▸ **Source data**:
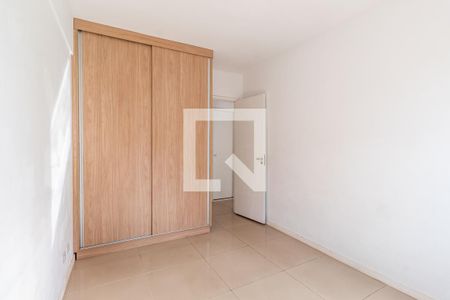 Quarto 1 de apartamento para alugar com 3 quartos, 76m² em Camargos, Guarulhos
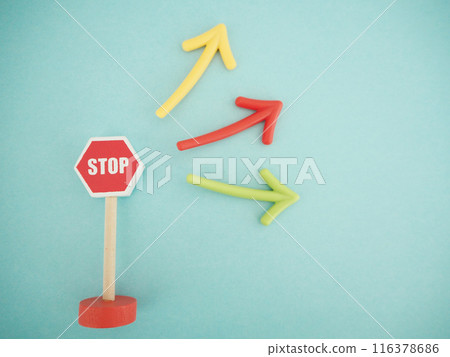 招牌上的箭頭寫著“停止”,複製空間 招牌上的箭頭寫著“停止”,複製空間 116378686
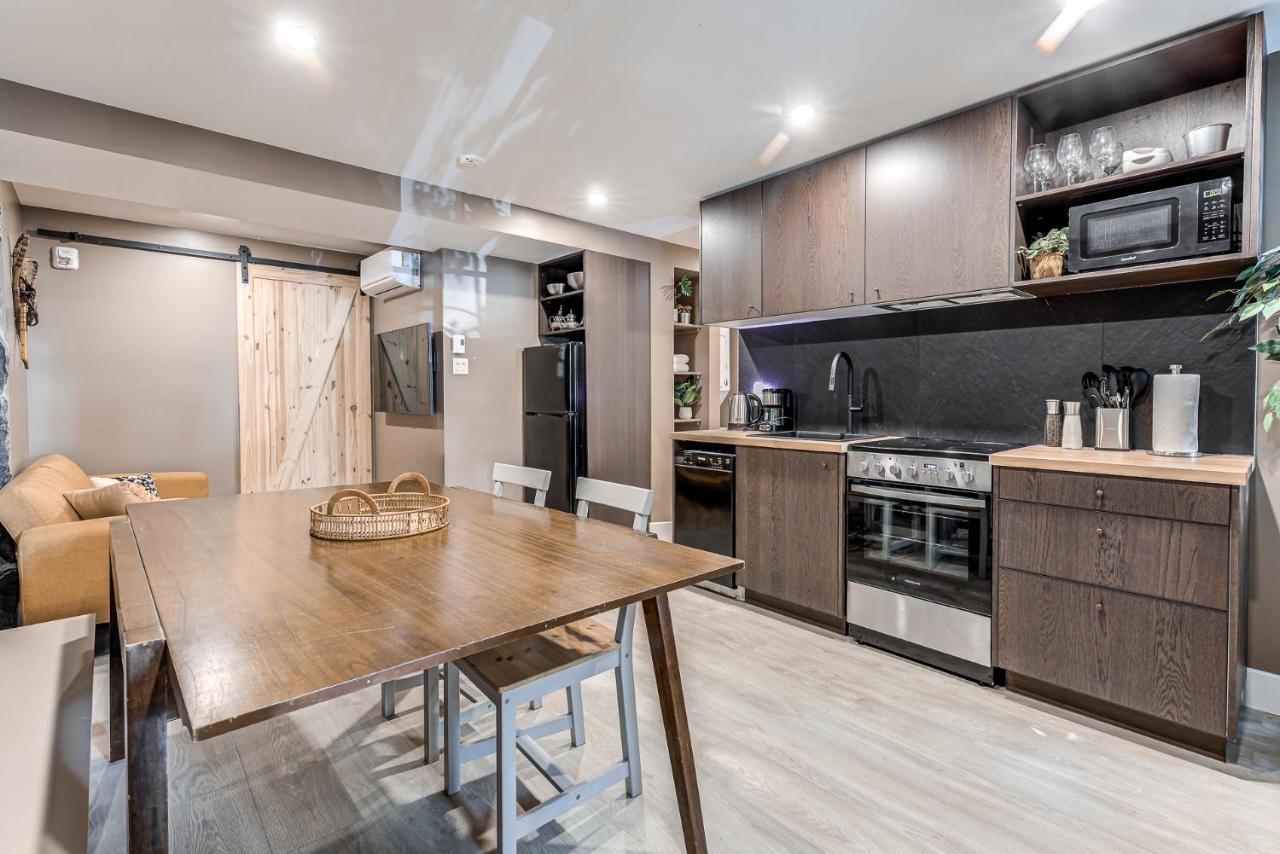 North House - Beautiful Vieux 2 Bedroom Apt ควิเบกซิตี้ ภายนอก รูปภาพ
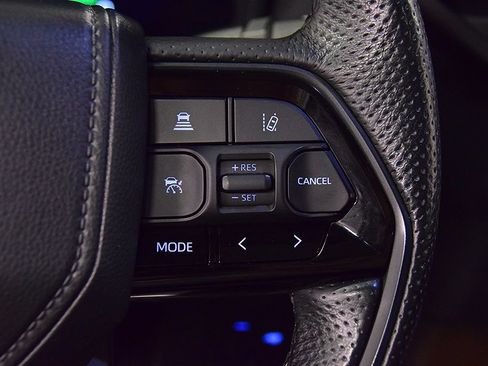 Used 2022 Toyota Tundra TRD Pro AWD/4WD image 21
==
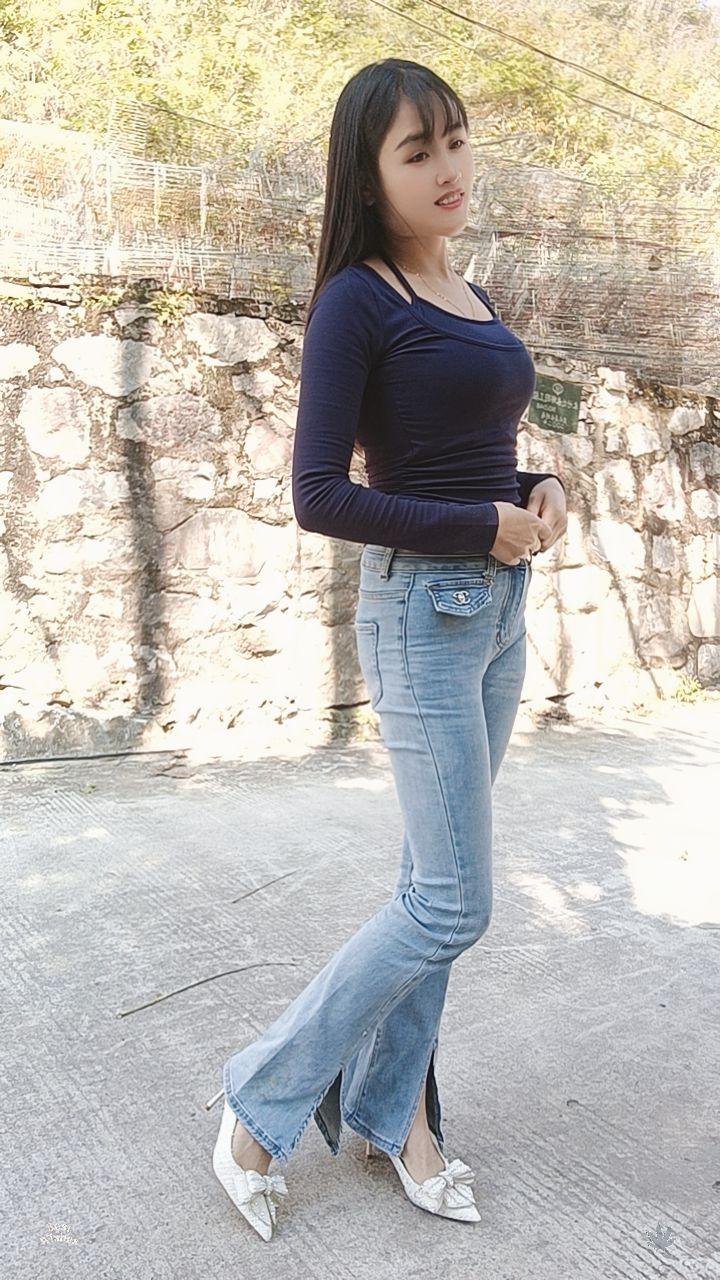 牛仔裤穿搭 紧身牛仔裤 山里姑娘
...
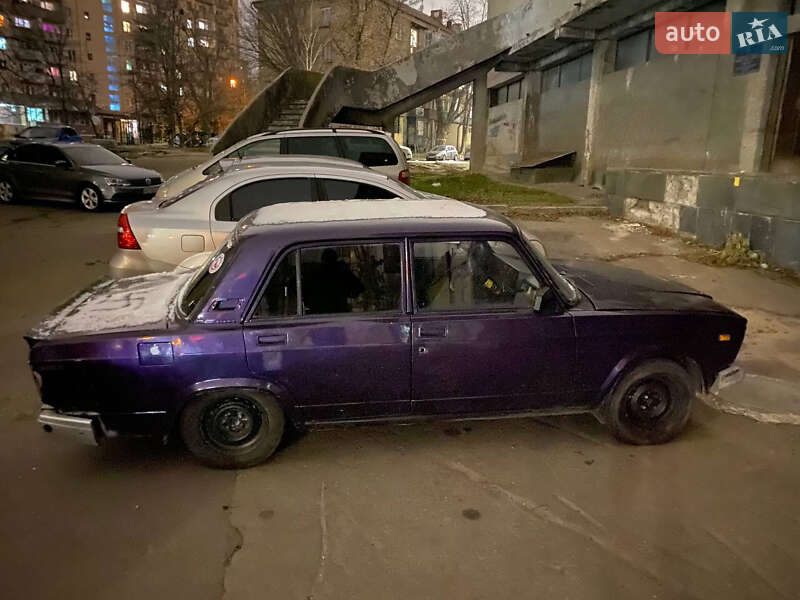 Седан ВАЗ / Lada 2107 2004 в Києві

▸ **The problem**: Copy exactly, without pictures, the lines above from the one with "Quarto 1 de" down to the one with "Used 2022 Toyota", inclusive.

▸ **Worked solution**:
 Quarto 1 de apartamento para alugar com 3 quartos, 76m² em Camargos, Guarulhos
 招牌上的箭頭寫著“停止”,複製空間 招牌上的箭頭寫著“停止”,複製空間 116378686
 North House - Beautiful Vieux 2 Bedroom Apt ควิเบกซิตี้ ภายนอก รูปภาพ
 Used 2022 Toyota Tundra TRD Pro AWD/4WD image 21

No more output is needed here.